Gaggia Classic machine wakes up to smell the coffee.

A Gaggia Classic Coffee Machine repair…

A simple repair…. That’s what I thought when a friend asked if I could look at his Gaggia Classic Coffee Machine, which had developed a nasty little leak when in use.  The coffee wasn’t all that good either, due to the lack of pressure available, caused by the leak.  In short, it needed attention.

IMG_3616
FixItWorkshop, Oct’17, Gaggia Classic Coffee Machine, with a leak.

The owner had already bought a repair kit consisting of the main seals/ gaskets that commonly fail, so I thought no problem, take to pieces, replace seals, happy days.  Er, not quite.

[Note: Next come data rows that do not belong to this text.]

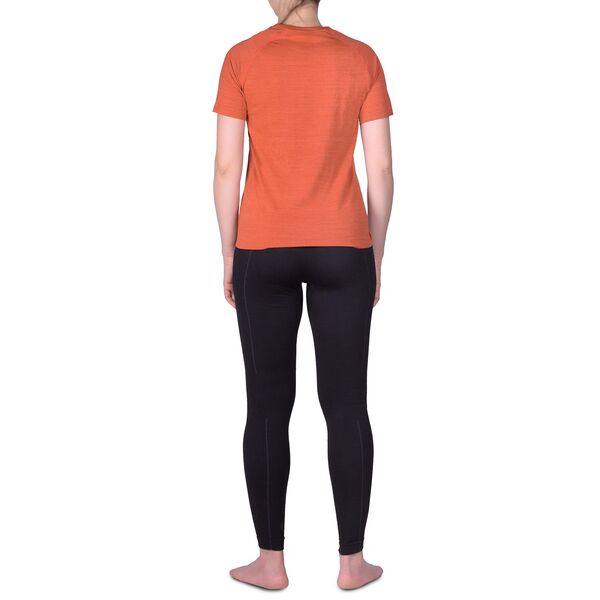 Термофутболка UTO T-shirt W's 994211 Grapefruit Orange L, Название цвета: Grapefruit Orange, Размер: L, Страна-производитель: КИТАЙ, изображение 4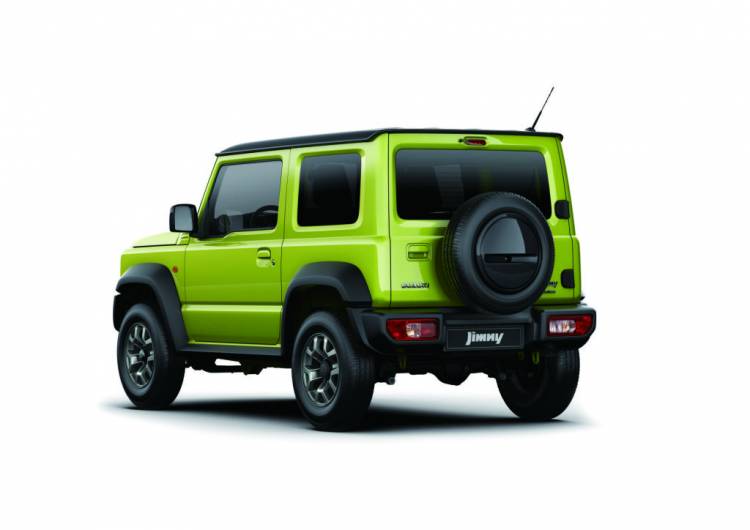 Resultado de imagen de Suzuki Jimny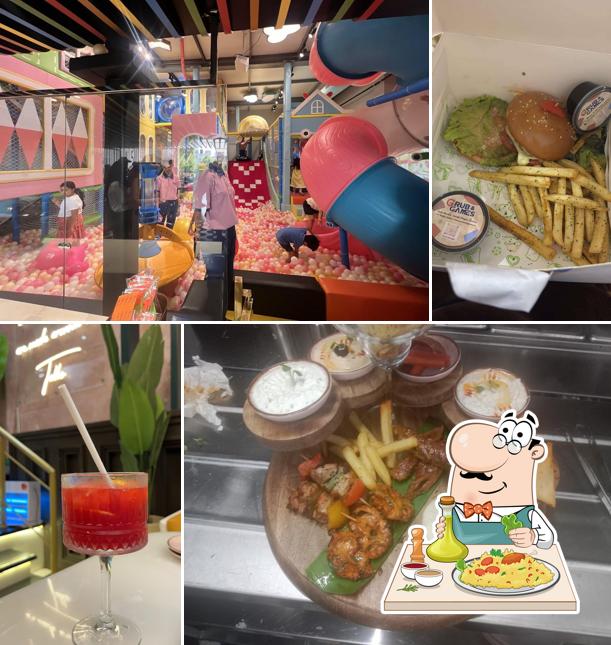 Meals at Grub & Games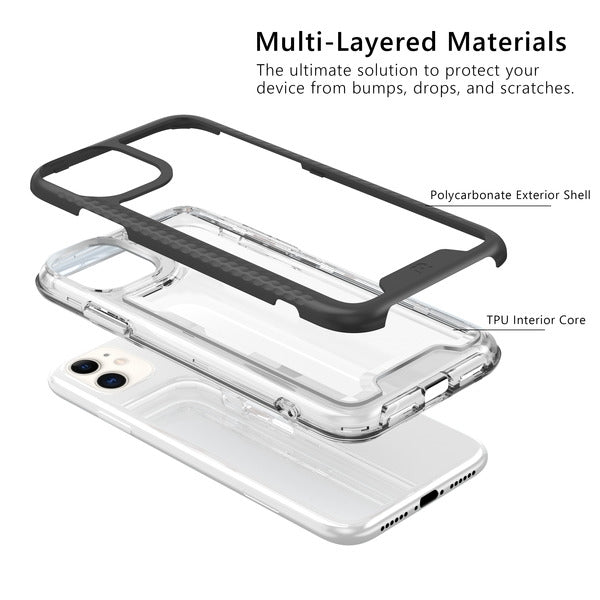 Estuche para iPhone 11 - MyBat Pro Lux Series - Negro MyBat Pro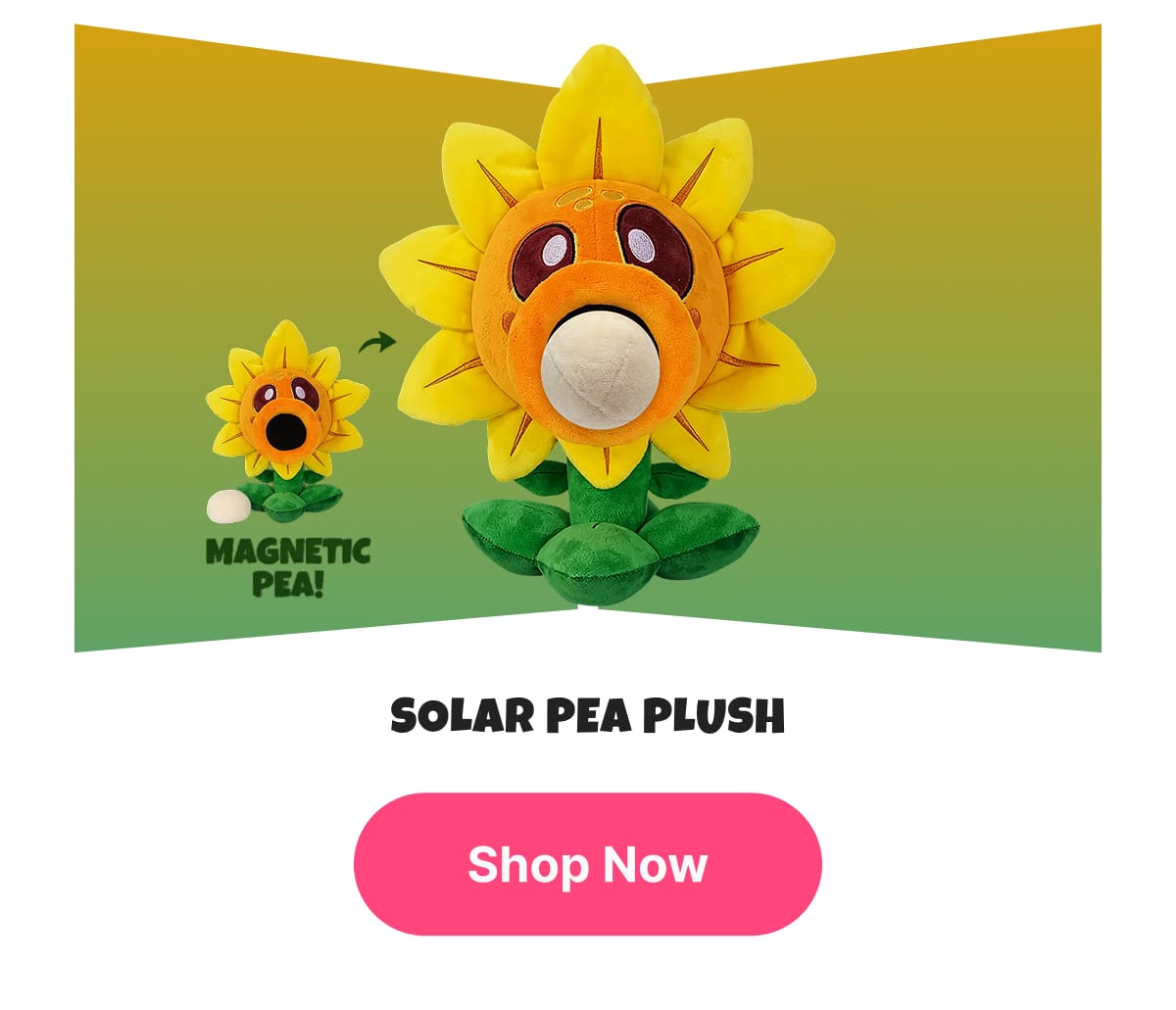 Solar Pea Plush | Shop Now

Once I’d stripped the machine down, pretty straightforward on these machines, the bare parts were exposed, which revealed the problem.  After being fired up briefly, not to make coffee I’d like to point out, water could be seen escaping from the boiler unit, a alloy bodied lump of metal, split in two halves, held together by 4 screws.  The boiler, as the name suggests, heats the water up with one heating element  and creates steam for the steam wand, with another element, all part of the same module.

After separating the boiler halves, I traced the leak to a faulty gasket, but crucially, one side of the mating faces was heavily corroded and unlikely to re-seal with a new part fitted on its own.  Remedial action was required.

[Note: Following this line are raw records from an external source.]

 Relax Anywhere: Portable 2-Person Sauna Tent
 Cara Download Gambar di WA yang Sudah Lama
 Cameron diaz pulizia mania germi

This model is a few years old and a replacement boiler is still available on a few websites and prices vary from £40 to £60 at the time of writing, so at that price, starts to make the cost of repair unviable.

I decided that the face with the corrosion had enough material to withstand loosing some, so went about sanding the worst of the corrosion away before gradually moving on to  smoother and smoother sandpaper.

Because Gaggia Classics are fairly common, I decided to video this repair process as I suspect the corrosion affects many machines with age and just fitting a repair kit won’t cure the problem on its own.  See below.  I hope it helps anyone else with the same machine facing the same problem.

 

Once I was happy with the new finish, I fitted a new gasket and reassembled the boiler.  After putting it all back together, I purged several tanks of water through the system to remove debris, before attempting a cup of coffee.  Once filled up with my favourite Lidl coffee, the machine performed well once again with no leaks and the end product tasted great.

Cost of a new machine:  £249.00.  Cost of repair:  £4.50, plus time.